BEGIN Study material
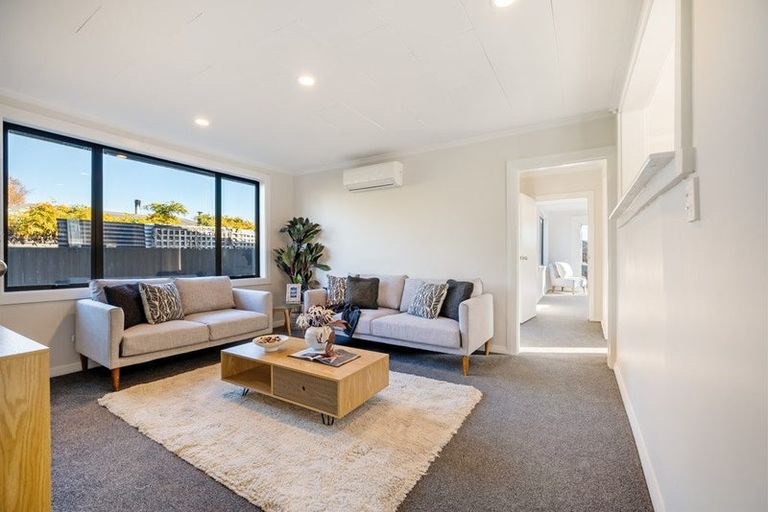 Photo of property in 77 Owles Terrace, New Brighton, Christchurch, 8061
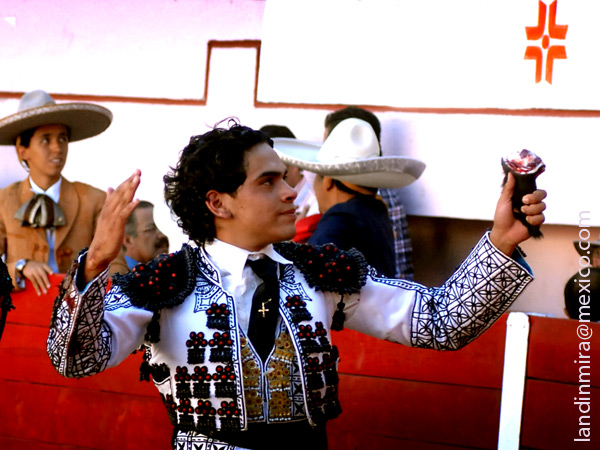 Alain de Mora, una oreja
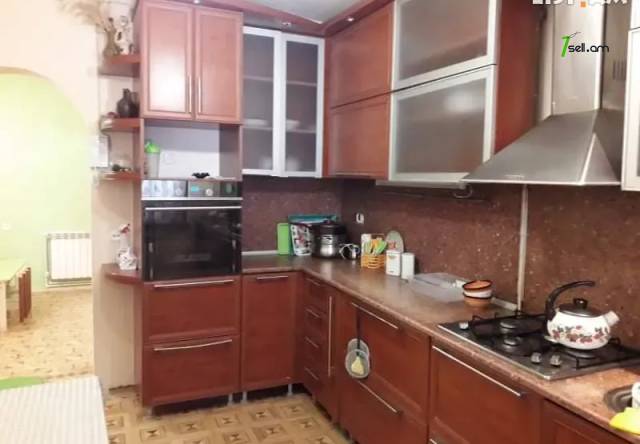 Բազմաֆունկցիոնալ գույք Արամ Խաչատրյանի փողոցում Արաբկիրում, 150 քմ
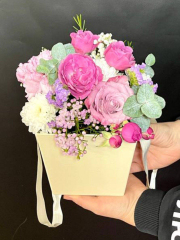 Композиция в холодных розовых тонах с розами в коробке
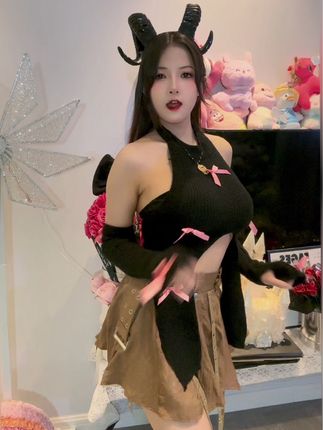 脑婆睡醒啦的趣味直播，直播回放带你走进她的世界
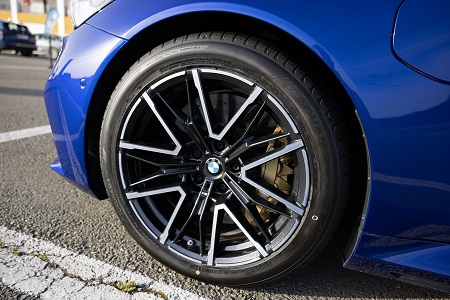 Suministro de neumáticos ADVAN Sport V107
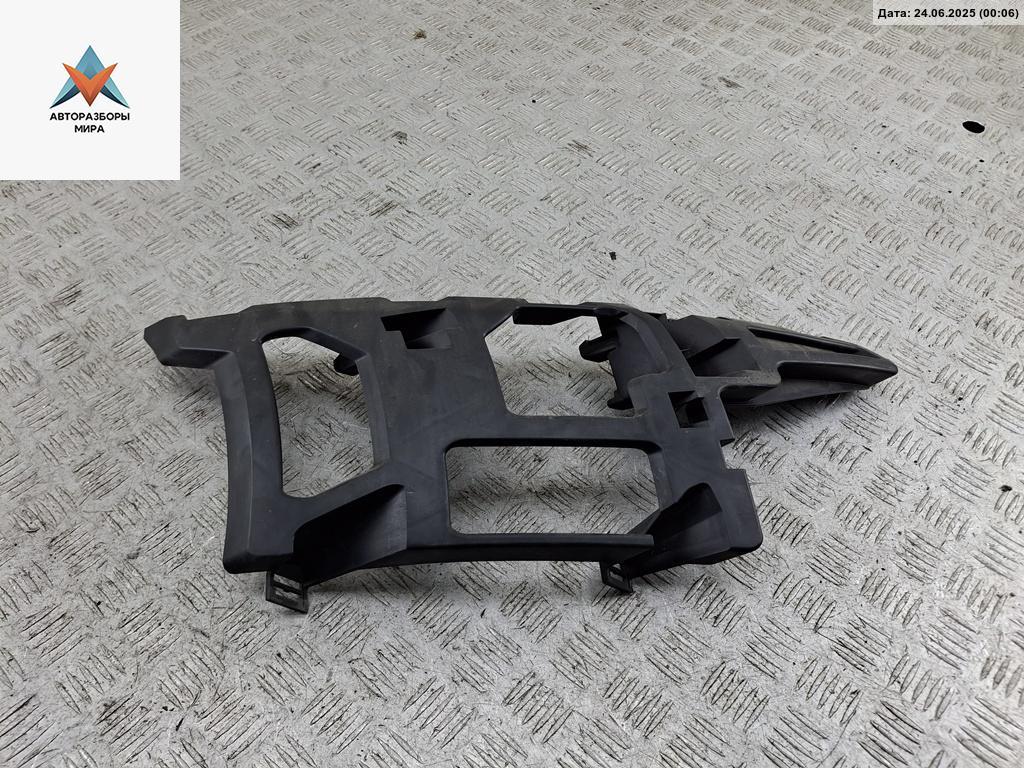 кронштейн переднего бампера Ford Mondeo 4 поколение 2009, 2.0 л., дизель, МКПП, чёрный, универсал, 7S7117E856 - фото №1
END Study material
• **Task**
Leaving aside the images, write out every entry above exactly.

• **Your solution**
 Photo of property in 77 Owles Terrace, New Brighton, Christchurch, 8061
 Alain de Mora, una oreja
 Բազմաֆունկցիոնալ գույք Արամ Խաչատրյանի փողոցում Արաբկիրում, 150 քմ
 Композиция в холодных розовых тонах с розами в коробке
 脑婆睡醒啦的趣味直播，直播回放带你走进她的世界
 Suministro de neumáticos ADVAN Sport V107
 кронштейн переднего бампера Ford Mondeo 4 поколение 2009, 2.0 л., дизель, МКПП, чёрный, универсал, 7S7117E856 - фото №1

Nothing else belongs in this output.